This is a class about the kinds of knowledge held by different material spaces, and the kinds of racialized and gendered experiences of memory made available by a given space.  It is also a class about media, and how experiences of identity are made more possible or impossible by media forms. What, like the earth, might a medium hold?  Why do so many scholars and artists want us to think about the earth itself as a recording device? What does that analogy reveal about conceptions of the environment and of technology?

Hybrid Forms

The non-traditional texts of writers like Claudia Rankine, Maggie Nelson, Viet Thanh Nguyen and Alison Bechdel have garnered great success that has introduced new audiences to the world of hybrid forms.
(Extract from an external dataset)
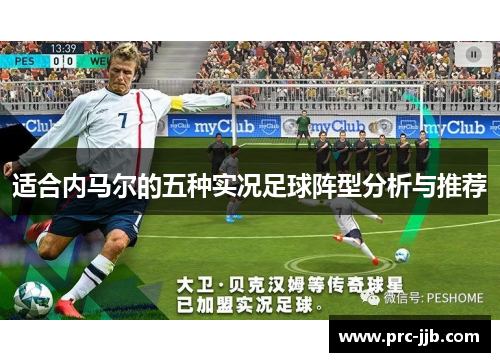 适合内马尔的五种实况足球阵型分析与推荐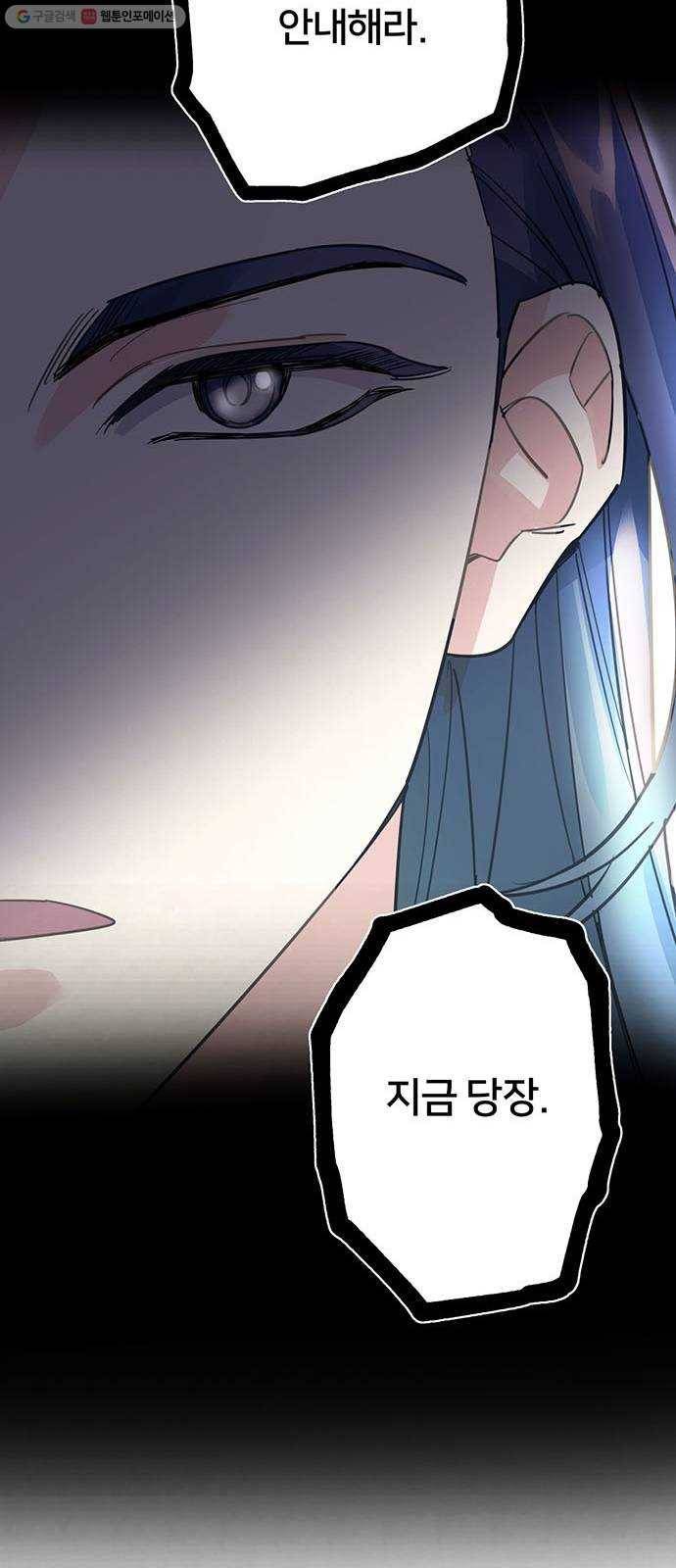 그림자 신부 6화 59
Through close reading and a study of works at the apex of literary deconstruction, we will erase the lines drawn between poetry and prose, image and memoir, percentage graph and fiction and will embark on an expedition through contemporary hybrid texts, asking what dictates how we define genre.

Decolonial Love

In this upper-level course, we will read literary and theoretical texts that, although loosely grouped in terms of period, geography, and style, are all driven by the same set of questions:  Is decolonial love possible? What does it look and feel like?  We will read scholars and writers who describe the ways that imperialism, capitalism, racism, and heteropatriarchy structure conventional ways of loving, caring, and forming social bonds, as well as conventional ways of telling stories and writing novels.

Writing the Novella

An advanced writing workshop devoted to the reading and writing of novellas. We will study such novellas as Tolstoy’s The Death of Ivan Ilyich, Jane Smiley’s The Age of Grief, and Saul Bellow’s Seize the Day, in order to get a sense of the parameters and scope of this in-between form. Students will write up to ten pages per week with the aim of composing and revising a work of 70-80 pages by the end of the semester.